基于多尺度特征融合的图像语义分割方法研究

CASIA OpenIR > 毕业生 > 硕士学位论文

	基于多尺度特征融合的图像语义分割方法研究
	朱袁兵
	2024-05-16
页数	88
学位类型	硕士
中文摘要	人类能够很容易地感知和理解图像场景。构建具有人类级别能力的视觉感知和理解智能体一直是计算机视觉的研究者们的目标。近年来，随着现代机器学习，特别是深度学习的发展，计算机视觉得到了显著的进步。然而，在当前计算机视觉研究相关的很多下游任务上，计算机能力仍然显著落后于人类水平。图像语义分割，作为图像理解的关键步骤之一，是很多计算机视觉系统的基础算法。图像语义分割的目的是将图像按照语义类别分割为不同区域，使其拥有现实意义，更容易分析。区分图像中每个像素的类别是困难的，因为图像中存在大量不同的场景，特别甚至是稀有种类的物体。同时，计算机还要处理不同物体的尺寸，纹理，边缘细节等差异。因此，本文探索构建有效的图像语义分割系统的核心问题，并为之设计不同的算法来增强其性能。

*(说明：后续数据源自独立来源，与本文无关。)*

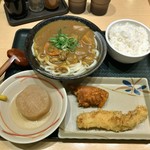 はなまるうどん - ●カレーうどん（Mサイズ）530円税込
            ●いか天  セット？80円税込（通常110円税込）
            ●鶏の唐揚げ100円税込
            ●おでん
            ・大根90円税込
            ●ごはん（大）180円税込
            計980円税込を注文。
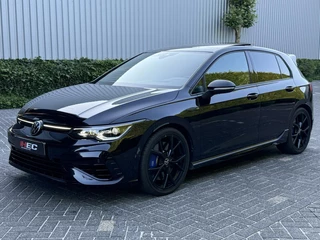 Volkswagen Golf 8 2.0 TSI R 4M PERFORMANCE AKRA HARMAN HUD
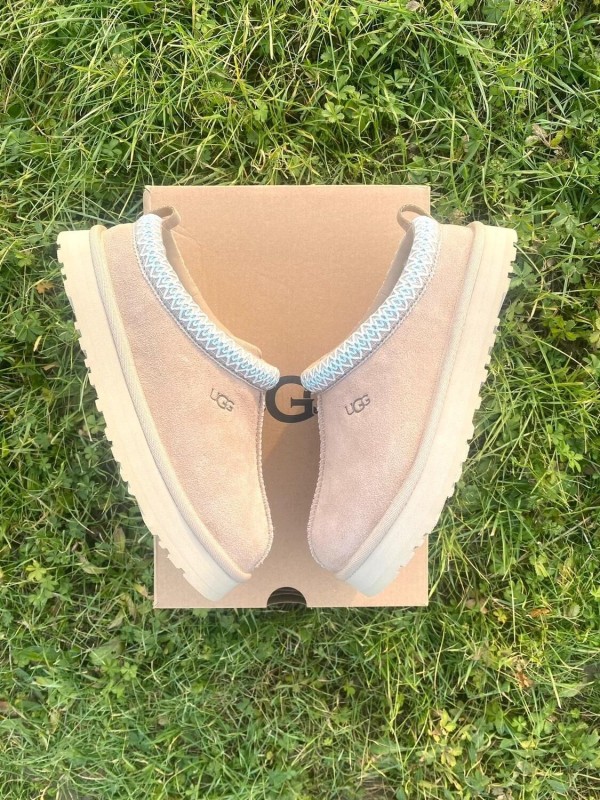 UGG Tazz Sand 2
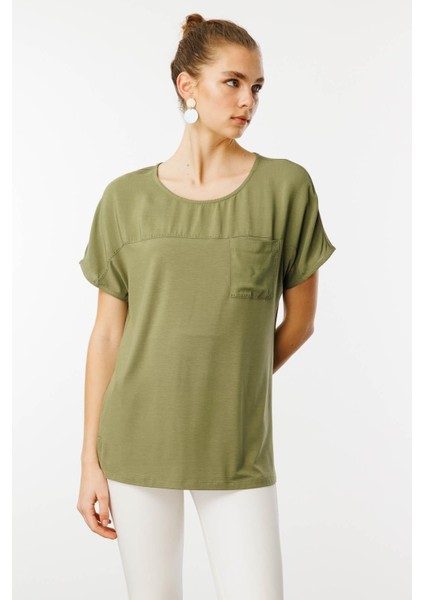 Kadın Sıfır Yaka Önü Cepli Penye T-Shirt Haki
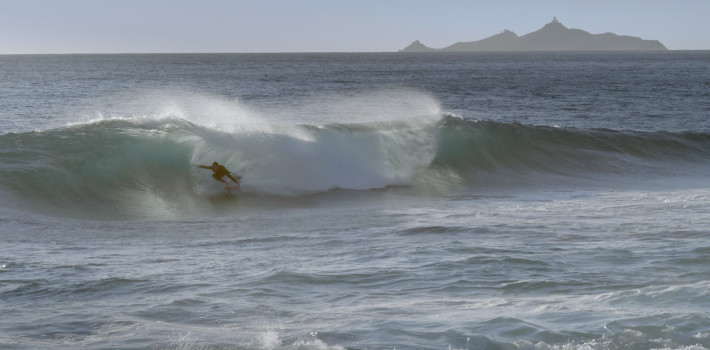 Surf : Prima onda, voyage au coeur des surfeurs corses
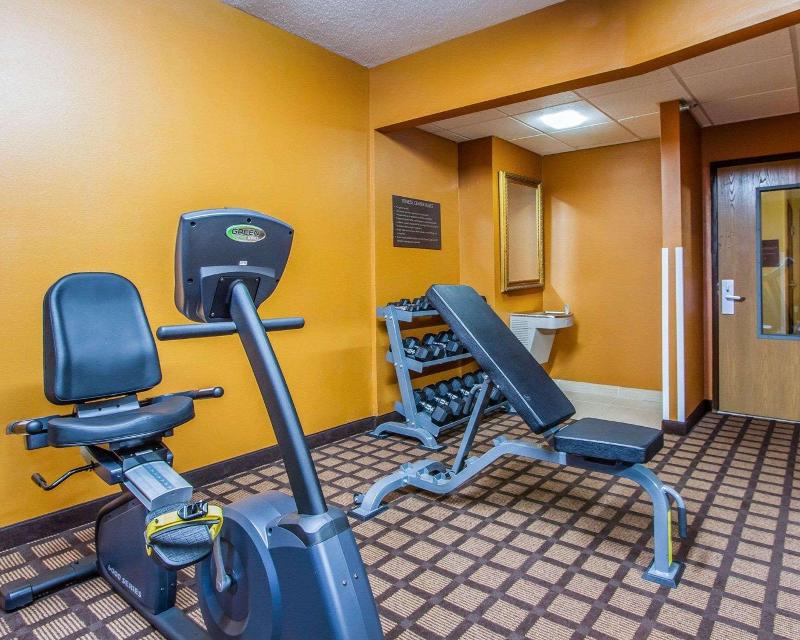 Quality Inn Perryville I-55 image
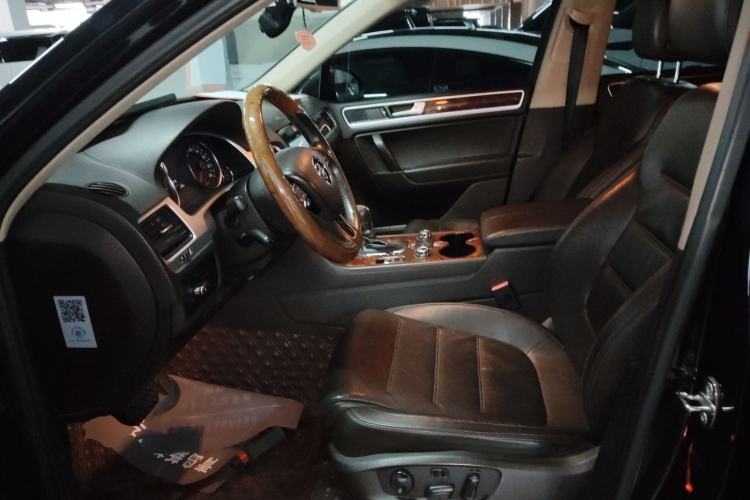 Used Volkswagen Touareg 2011 3.0 TSI Comfort Version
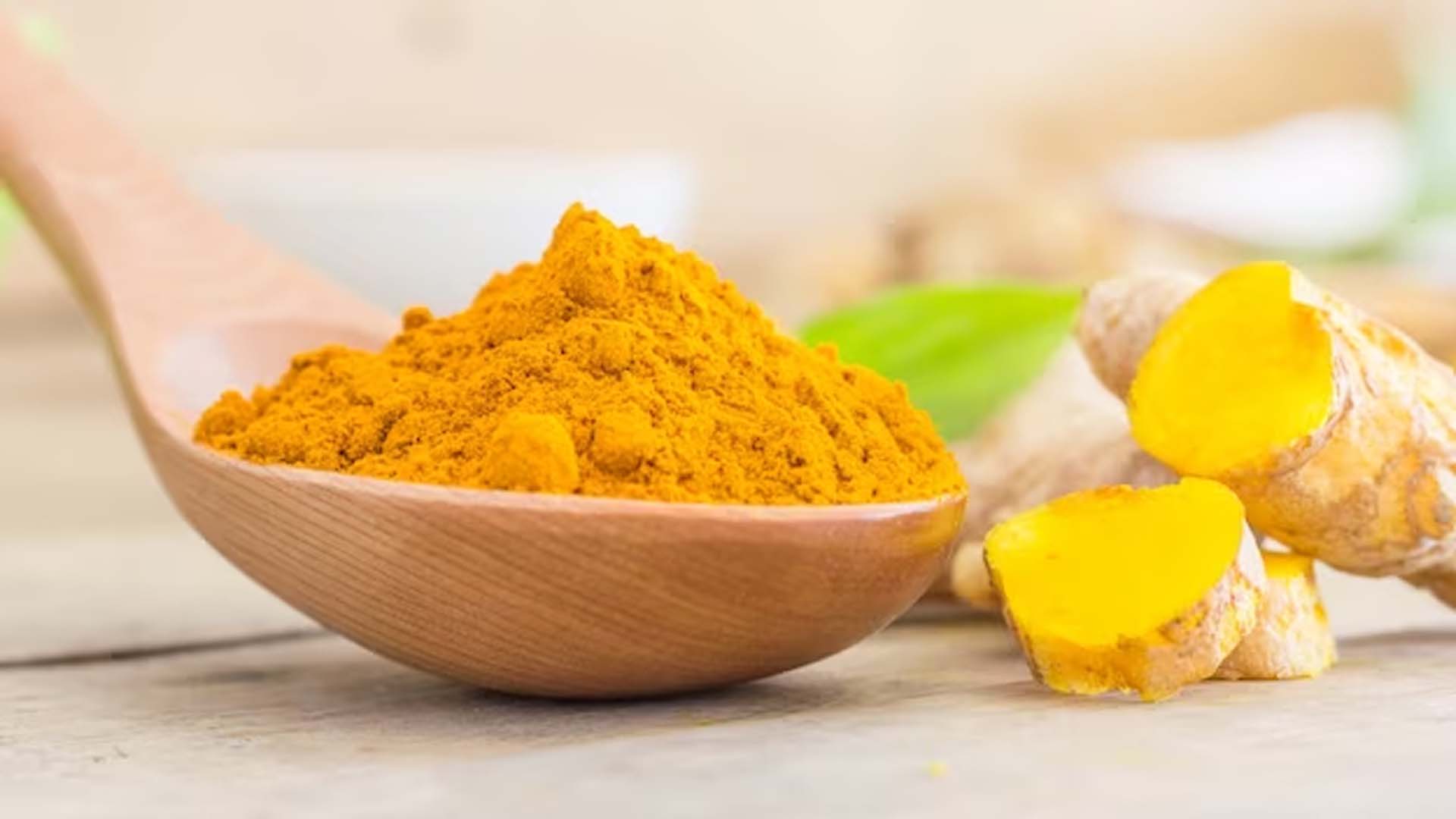 Turmeric powder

本文集中于处理图像语义分割中的视觉特征的空间尺度问题和开放词汇语义分割问题。由于图像语义分割的任务特性，使其在高度依赖于小尺度的特征来捕捉上下文语义和长距离依赖的同时，也亟需大尺度的特征来保持空间结构和分割细节。另外，传统图像分割往往只能分割特定的物体类别，而对未训练过的新类别缺乏泛化能力，开放词汇语义分割任务的目的就是让算法不局限于训练数据与训练类别。本文主要分为以下两个部分。 1.通过不确定性估计的方式分析实时语义分割网络中对于不同尺度的特征在不同层级的监督信号下的表现和问题。在这部分中，本文通过不确定性估计分析语义分割和边缘检测辅助任务的不确定性，揭示了实时语义分割任务中常见的空间特征和上下文特征融合不充分的问题，进而提出边缘注意力融合模块来解决该问题。同时，为了降低实时语义分割模型的不确定性进而提升其性能，本文还通过预测方差来估计不确定性，并利用估计结果对模型的训练进行正则化。 2.多分辨率的开放词汇语义分割框架。这一部分中，本文发现当前的开放词汇语义分割的算法受到视觉语言模型训练图片输入尺寸的限制，无法充分利用视觉语言模型特征的优势。因此，本文提出了一个多尺度多分辨率训练框架来利用多尺度视觉语言模型特征。其中，在特征提取过程中，多尺度视觉语言模型特征被用于增强掩码预测；在掩码分类过程中，本文设计了多尺度语义聚合模块来充分利用由视觉语言模型的多尺度输入产生的区域性语义，通过聚合局部和全局的多模态语义来提升性能。这两项工作关注的重点是语义分割中对于不同尺度特征的有效利用。第一项研究的主要关注点是，使用辅助任务来有效增强实时语义分割算法中不同尺度上下文特征的融合。第二项研究的主要关注点是，解决视觉语言模型在使用时的输入分辨率限制，通过多分辨率限制来利用多尺度多分辨率的多模态特征，进而提升掩码预测和分类的性能。本文最后从更加广泛和通用的角度，总结和讨论了图像语义分割的未来工作和方向。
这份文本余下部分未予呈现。